Discussion on: It is ⌚time to ditch ReactJS or Angular and use better web standards like web components😍 part 1

Collapse
 
ryansolid profile image
Ryan Carniato • Edited

Posts like this tend to promote an unrealistic view of Web Components. Or atleast Web Components in the current state. As I'm sure re-iterated many times in the comments a Framework replacement they are not. I've been using them in production (polyfilled to be sure) since 2014 and I think generally the wrong comparison is being made. People still generally need tools to make working with them easier a library/framework of sorts. In fact, I would say Web Components are some of the biggest culprits of Library fracturing. They provide just enough that every would-be library author now has a framework. I can't help but feel it starts from the sentiment presented in this article.

Admittedly I'm guilty as charged of being one of those. But I think it's more interesting where popular libraries have tried to align with Web Components (I'm looking at Vue, Svelte) and now have diverged or would not recommend using them.The reason is simple. Beyond not being wholely up to the task they are primarily DOM oriented. It makes sense but it means silly small things like eager versus lazy evaluation of slots, or lack of declarative Shadow Root, or event retargetting interfering with event delegation gets in the way just enough. I mean libraries have been developing techniques to better interact with the DOM that aren't quite compatible with Web Components. Now obviously we can say "React your synthetic event system should no longer be necessary so get rid of implicit event delegation to be compatible." Or maybe we shouldn't. There are solutions to resolving composed paths for that specific example. And there are lots of different ways to solve similar problems. But it is still something.

I think another thing we don't talk about is their natural overhead. There is a difference between components and Components(TM). What I mean is that components as containers Web Components are adequate. Defined contract of API, encapsulation, modularity. However in a library like React that isn't how or why you use Components. The patterns being used by libraries have just as much to do with performance or mechanical reasons as they do for containerization. Web Components are a much heavier construct than those. Thinking you can use them interchangeably is a big mistake on scaling performance.

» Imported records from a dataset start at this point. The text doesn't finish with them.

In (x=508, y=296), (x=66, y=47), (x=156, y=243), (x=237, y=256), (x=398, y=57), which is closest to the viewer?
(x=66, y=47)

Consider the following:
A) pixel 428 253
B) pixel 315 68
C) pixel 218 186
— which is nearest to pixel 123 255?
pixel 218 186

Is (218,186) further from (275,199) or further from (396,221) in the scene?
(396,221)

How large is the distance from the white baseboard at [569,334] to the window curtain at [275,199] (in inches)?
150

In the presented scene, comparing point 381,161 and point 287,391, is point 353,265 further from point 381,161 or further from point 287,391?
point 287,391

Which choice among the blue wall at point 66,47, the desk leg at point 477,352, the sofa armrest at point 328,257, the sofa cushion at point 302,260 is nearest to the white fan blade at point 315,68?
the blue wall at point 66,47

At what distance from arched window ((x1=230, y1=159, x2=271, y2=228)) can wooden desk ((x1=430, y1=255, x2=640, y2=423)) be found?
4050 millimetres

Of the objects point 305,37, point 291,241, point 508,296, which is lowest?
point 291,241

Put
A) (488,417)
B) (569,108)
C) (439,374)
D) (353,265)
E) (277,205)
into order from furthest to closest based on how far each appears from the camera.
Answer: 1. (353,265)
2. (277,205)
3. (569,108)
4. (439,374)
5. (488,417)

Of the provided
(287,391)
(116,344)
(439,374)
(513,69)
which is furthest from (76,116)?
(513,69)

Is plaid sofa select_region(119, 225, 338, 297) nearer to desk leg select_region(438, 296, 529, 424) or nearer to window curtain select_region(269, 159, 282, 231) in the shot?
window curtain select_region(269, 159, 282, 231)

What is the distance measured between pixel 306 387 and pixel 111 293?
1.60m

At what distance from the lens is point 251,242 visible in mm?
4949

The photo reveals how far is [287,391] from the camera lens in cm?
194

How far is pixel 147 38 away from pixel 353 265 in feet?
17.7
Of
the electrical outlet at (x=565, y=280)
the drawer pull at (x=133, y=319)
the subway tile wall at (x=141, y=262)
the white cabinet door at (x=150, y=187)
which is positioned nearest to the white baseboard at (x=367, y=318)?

All that being said I think Web Components are important and have the potential for a lot of great things. I just think that this sort of argument is so easy to poke holes in that it will never get consensus. Web Components are not the same as those libraries. They can cause just as much fracturing of solutions. And they come with just as many specific tradeoffs. Accepting that is where the real conversation starts.

Collapse
 
lampewebdev profile image
Michael "lampe" Lazarski

To say it in a shorter way:

"IT is hard" and yes it is!

But I rather work together with the people on one goal then everybody supporting just there team.